Middle East — 25 July 2006

The current crisis in Lebanon is something of a watershed moment for the Arab regimes and their relationship with their publics. The statements of a number of these regimes have reflected what many in the region have suspected for many years: namely, when it comes to the crunch, these rulers are more interested in protecting Israel and the US from the Arabs and Muslims rather than protecting Arabs from Israel and the US.

The Saudi, Egyptian and Jordanian governments were vocal in their criticism of Hizbullah in the first few days of the crisis, characterising the capture of the Israeli soldiers as reckless. They made such statements even as Israeli jets were striking Lebanon’s infrastructure, killing and wounding its civilians. The Arab world has become accustomed to inaction from the Arab regimes during times of crisis. People also expect announcements of emergency summits, or meetings of foreign ministers which end (if they actually take place at all) with mere slogans and no concrete actions. In this case however, the regimes are not just being blamed for their usual apathy. More than that, they seem to have given Israel valuable political cover to continue its indiscriminate campaign against Lebanon, since the whole crisis in their eyes is all the fault of Hizbullah.

For these regimes, it is very dangerous to play this game. Undoubtedly, they will have earned brownie points from the Bush administration for being even more subdued in their criticism of Israel than Jacques Chirac.
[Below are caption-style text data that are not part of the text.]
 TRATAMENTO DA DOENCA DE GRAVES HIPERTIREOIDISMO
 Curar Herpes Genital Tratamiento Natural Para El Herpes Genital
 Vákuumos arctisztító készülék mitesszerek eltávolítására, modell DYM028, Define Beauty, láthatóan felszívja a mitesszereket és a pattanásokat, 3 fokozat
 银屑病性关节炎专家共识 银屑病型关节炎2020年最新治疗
In the “international” (Western) community, it is usual to criticise armed militias, as they operate beyond the acceptable boundaries of political life. In this light, the stance of the regimes mentioned could be seen as responsible and statesmanlike.

However one of the reasons that the armed groups of Palestine and Lebanon command so much respect in the “Arab street” is that they persist in defying the Israeli behemoth, regardless of the obvious material advantage enjoyed by the latter. The regimes, and their pliant media, respond by saying that when such a disparity exists, pragmatism calls for a measured approach. For the millions who watch frustrated as civilians are killed on the streets of Beirut, Tyre, Sidon and Gaza, the reason for this disparity is the parasitical regimes. Instead of building strong advanced economies that could be the basis for truly independent policies, these regimes have squandered billions, and in some cases trillions on their own interests.
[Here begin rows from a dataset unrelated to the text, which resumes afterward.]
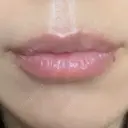 ヒアルロン酸注入（唇） アネシス美容クリニック BEFORE サムネイル用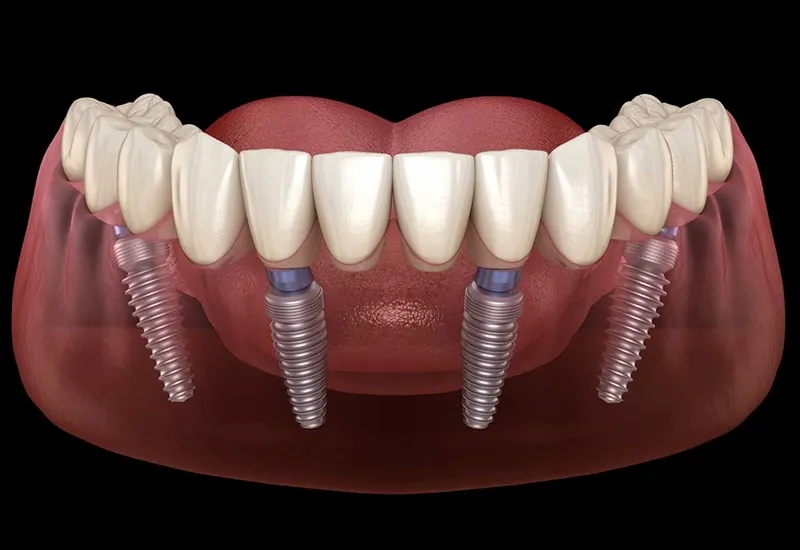 Trồng răng Implant All on 4 là gì? Ưu nhược điểm và giá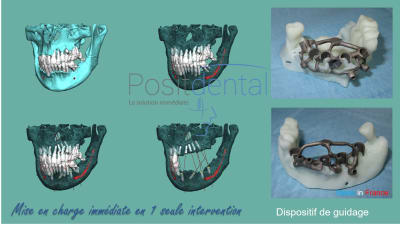 Mise en charge immédiate en 1 seule intervention la solution immédiate positdental 002 yfqi1h - Eugenol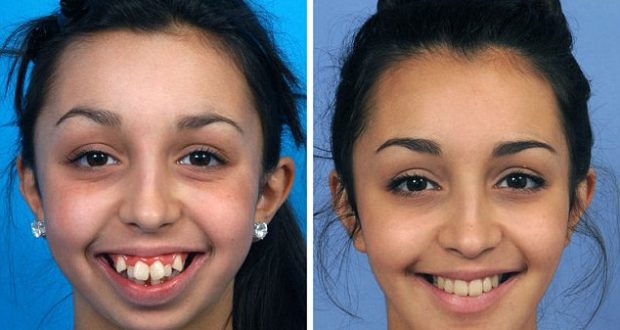 FOTO & VIDEO/ Ja si e ka shndërruar nofullën kjo 20–vjeçare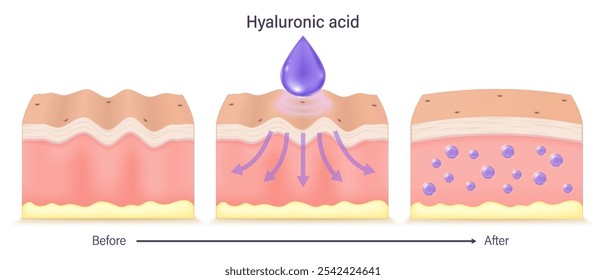 Hyaluronic acid vector. Comparison of skin before and after hyaluronic acid use. Vector for advertising about beauty and medical treatment.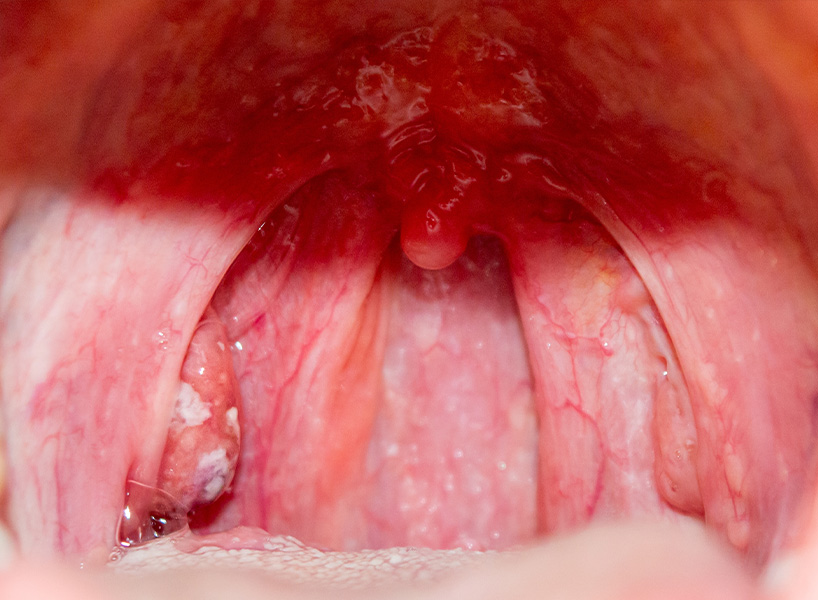Tonsillitis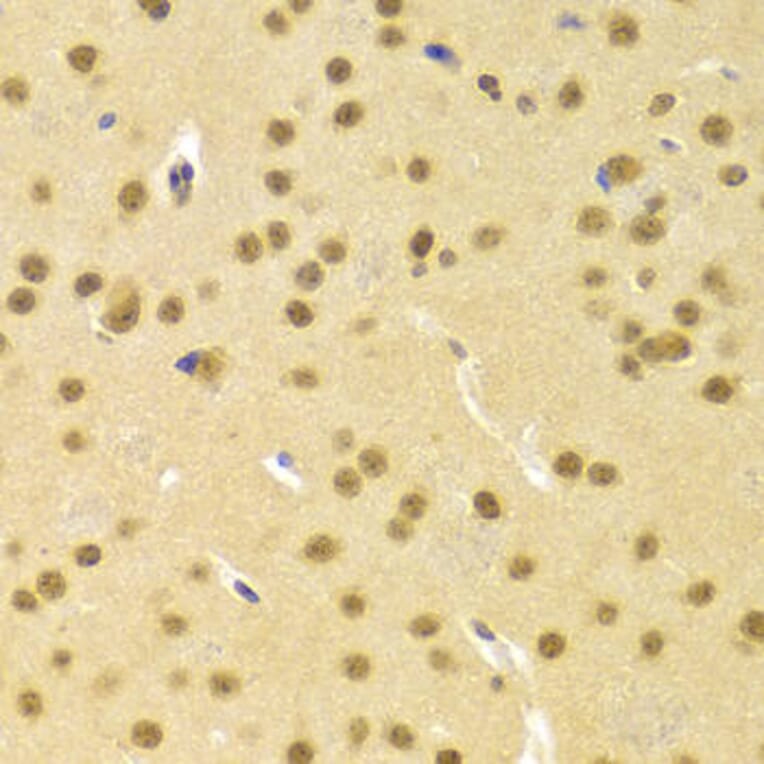 Immunohistochemistry - CBFB Antibody from Signalway Antibody (32759) - Antibodies.com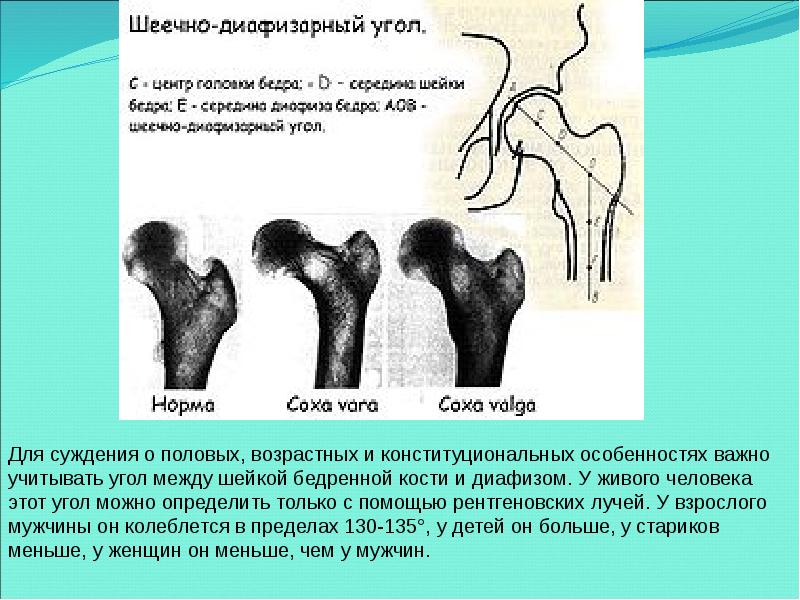 Шеечно диафизарный угол у детей норма таблица Улукбекова А.О. лекция " ЛФК при внутрисуставных и диафизарных переломах бедра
Many commentators claim that the audacious stance that these regimes have taken is part of a backroom deal with Washington: lay off the democracy promotion and we’ll be more publicly supportive of your policies. According to this line of reasoning, these ruling factions will stave off the threat to their seats posed by Washington’s talk of democracy through acts of obeisance. The problem with this logic is that in order to get more support from Washington, the regimes will have to pursue more of the antics that infuriate their people.

No doubt, the regimes will have to yield, one day, to the demands of the millions. The only question is, how soon will that day come? Evidently, these regimes have relied for decades on external support for survival, and they calculate that as long as they sustain that support, their thrones are safe. However, in these days when hostility to the West and America in particular is at an all-time high, such support will not be enough. There are many ways to cope with adversity; drawing attention to your complete impotence in the face of your greatest regional adversary is not one of them.